Once you agree to buy the car, the second part of the process begins. This is where the dealership has an opportunity to make a profit on the sale (which your skilled research and negotiating made difficult to achieve during the “first sale”).
In most jurisdictions, the dealer cannot charge more than the MSRP for the vehicle. If you negotiated a deal well below MSRP, the dealer can only recover the lost profit by selling additional products and services which is done in the Business Office or Financial Service Office.
You will get the opportunity to “protect” your new purchase with additional warranties, rust proofing, and various insurances. Some of these are worth getting (particularly additional factory warranty) but it is often over-priced. But the presentation is usually so effectively done that it can be hard to resist.

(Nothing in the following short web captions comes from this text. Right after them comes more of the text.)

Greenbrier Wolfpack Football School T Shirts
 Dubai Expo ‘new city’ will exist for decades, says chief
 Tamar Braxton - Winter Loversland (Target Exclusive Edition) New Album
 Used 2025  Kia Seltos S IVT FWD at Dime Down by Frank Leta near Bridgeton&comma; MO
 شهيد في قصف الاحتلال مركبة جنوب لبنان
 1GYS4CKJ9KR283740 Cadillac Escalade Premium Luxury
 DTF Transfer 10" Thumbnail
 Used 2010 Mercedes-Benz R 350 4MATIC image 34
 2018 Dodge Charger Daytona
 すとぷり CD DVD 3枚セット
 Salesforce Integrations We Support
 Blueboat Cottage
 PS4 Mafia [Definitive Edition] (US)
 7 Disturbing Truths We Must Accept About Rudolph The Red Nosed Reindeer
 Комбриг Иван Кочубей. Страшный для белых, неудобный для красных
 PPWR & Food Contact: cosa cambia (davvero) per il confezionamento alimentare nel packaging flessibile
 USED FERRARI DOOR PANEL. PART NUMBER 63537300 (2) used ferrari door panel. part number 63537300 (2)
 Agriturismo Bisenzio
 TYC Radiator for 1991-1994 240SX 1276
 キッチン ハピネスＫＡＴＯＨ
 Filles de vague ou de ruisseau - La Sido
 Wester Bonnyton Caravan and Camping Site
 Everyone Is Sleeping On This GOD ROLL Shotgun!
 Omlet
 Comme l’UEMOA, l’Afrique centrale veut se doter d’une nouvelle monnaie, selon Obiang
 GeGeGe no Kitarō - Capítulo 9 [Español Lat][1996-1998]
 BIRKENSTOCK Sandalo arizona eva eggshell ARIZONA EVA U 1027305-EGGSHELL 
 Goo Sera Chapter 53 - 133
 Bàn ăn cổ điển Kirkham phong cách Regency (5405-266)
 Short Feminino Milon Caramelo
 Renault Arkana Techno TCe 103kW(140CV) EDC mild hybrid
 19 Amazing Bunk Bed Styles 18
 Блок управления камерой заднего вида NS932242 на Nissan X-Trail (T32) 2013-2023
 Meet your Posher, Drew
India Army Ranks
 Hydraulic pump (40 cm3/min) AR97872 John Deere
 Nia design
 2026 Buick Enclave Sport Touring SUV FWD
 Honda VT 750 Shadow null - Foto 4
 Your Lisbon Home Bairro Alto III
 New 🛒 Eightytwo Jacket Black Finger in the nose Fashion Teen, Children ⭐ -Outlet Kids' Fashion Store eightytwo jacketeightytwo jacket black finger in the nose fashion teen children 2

The reason that it is so difficult for most car buyers to resist the F&I sales pitch is because once you agree to buy the car out on the sales floor, you have mentally taken ownership of the vehicle. It’s now your car and your instinct is to protect it (which is why rust protection is often one of the first add-ons to be pitched). It is also true that the “second sale” is easier than the first. When we agree to buy something, it does not quench the buying thirst like a glass of water satisfies you. When you make a purchase, your brain is excited and ready to buy something else. Dealerships know this and construct the sales process to accommodate this fact of human psychology. That’s why I have found that the happiest customers leaving the dealership are not those who have negotiated the best deal, they are the ones who spent the most in the F&I office. By the same token, I have also observed that those who have hammered out a great deal during a prolonged negotiation are the least happy customers because they have a feeling they could have secured an even better deal.